Bayesian seasonal adjustment, originally proposed by Akaike (1980), has been developed and implemented in several software-platforms, such as R-package TIMSAC and SAS procedure TSBAYSEA (SAS Institute, 2009). However, such a methodology has not yet attracted attention of the national statistical institutes, due to its complexity and the required theoretical background necessary to deal with the Bayesian framework.

One of the alternative modelling frameworks, the STS -models, is recommended as a substitute to the two main methods in the ESS (European Statistical System) guidelines on seasonal adjustment (Eurostat , 2009), if certain conditions are satisfied.

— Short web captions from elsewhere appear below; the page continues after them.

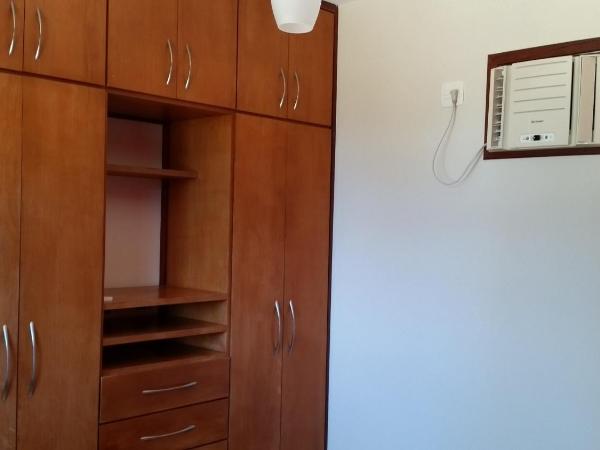 Brava Guest House Búzios : photo 9 de la chambre maison 1 chambre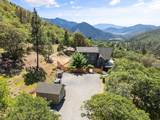 1050 Humbug Creek Road - Photo 23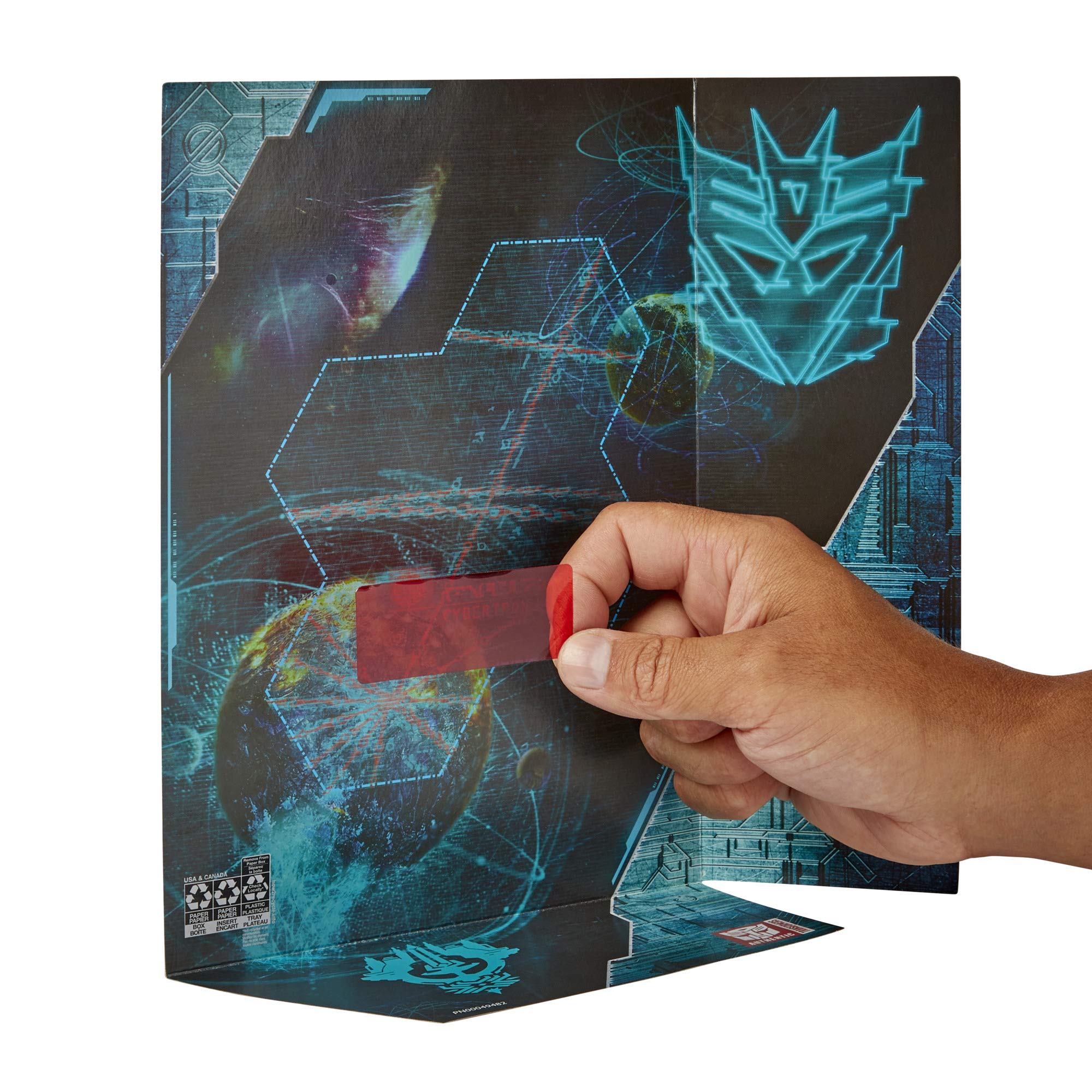 Amazon.co.jp: トランスフォーマー Transformers Toys Generations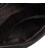 Мужской кожаный мессенджер Borsa Leather m1t823-black фото, картинка, изображение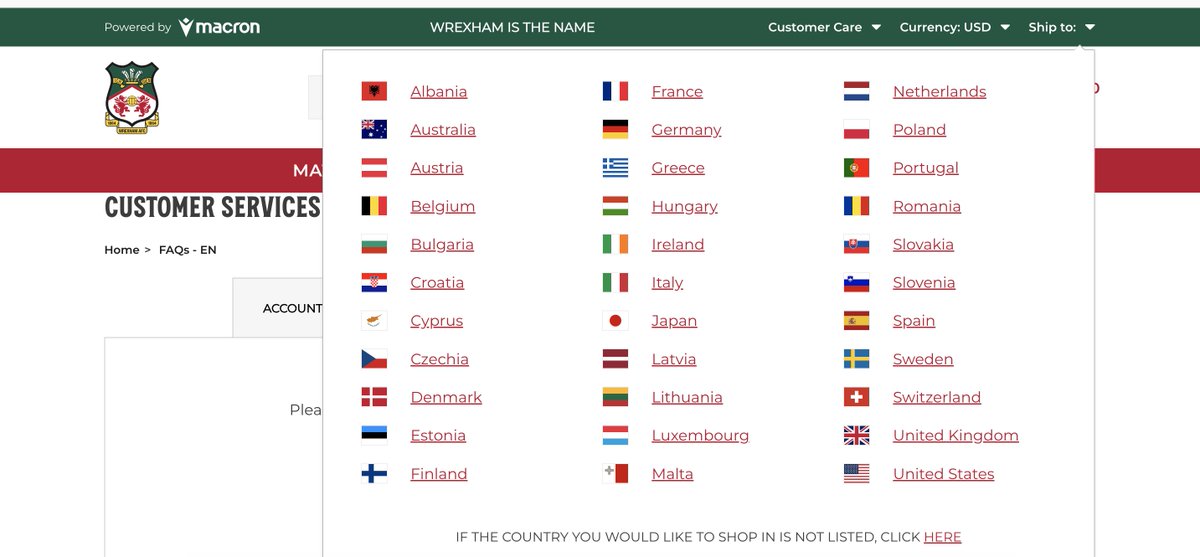 Stephanie tweet media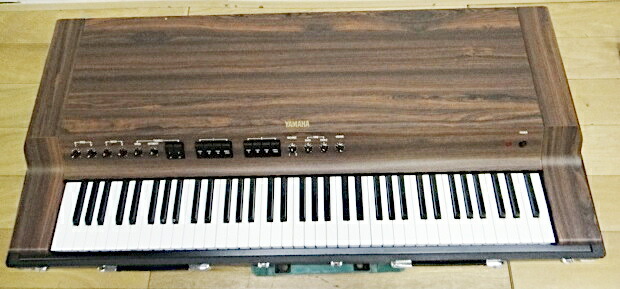 楽天市場】【中古】 ヤマハ エレクトロニックピアノ CP-30 / 電子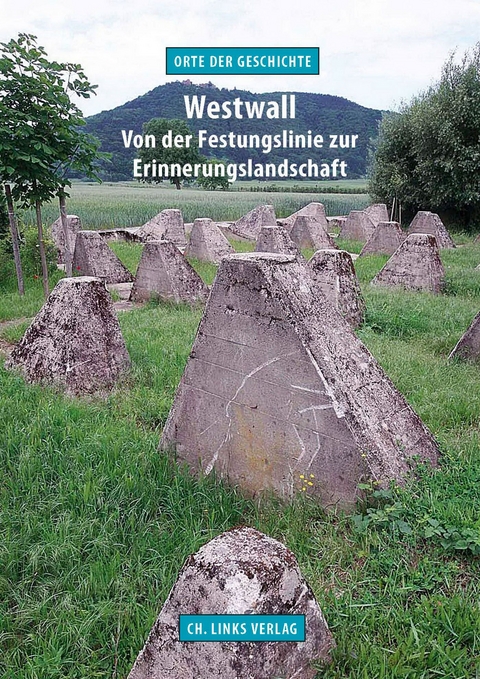 Westwall - Martin Kaule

The use of some other alternative methods falls under the category "to be avoided".

The ESS guidelines on seasonal adjustment aim to achieve harmonisation of the member state’s national practices by promoting the idea of best practices in seasonal adjustment. Although the guidelines work towards a unified framework for seasonal adjustment within the ESS , they are not supposed to put limitations on the use of other methods. Under appropriate circumstances some less conventional models might offer innovative solutions to certain re-occurring problems that the national statistical institutes (NSI ) have to deal with in their daily work with seasonal adjustment.

The main focus of this module is put on description of the decomposition based on ARIMA models, on moving averages and on STS -models, while the other classes of models are not treated. Section 2 is organized as follows. Sections 2.1 and 2.2 describe the two main stages of the seasonal adjustment of a given time series through the most widespread procedures, i.e., TRAMO-SEATS and X-12-ARIMA (X-13-ARIMA-SEATS): the pre-treatment and the decomposition. In particular, section 2.1 deals with the pre-treatment of time series required by both procedures before the decomposition and section 2.2 gives an overview of the decomposition based on moving averages (or ad hoc filters) and ARIMA models. Section 2.3 presents the STS model based approach, highlighting features that make it an appealing tool for seasonal adjustment. Finally, referring to TRAMO-SEATS and X-12-ARIMA, section 2.4 details the seasonal adjustment process of time series, distinguishing and describing eight steps.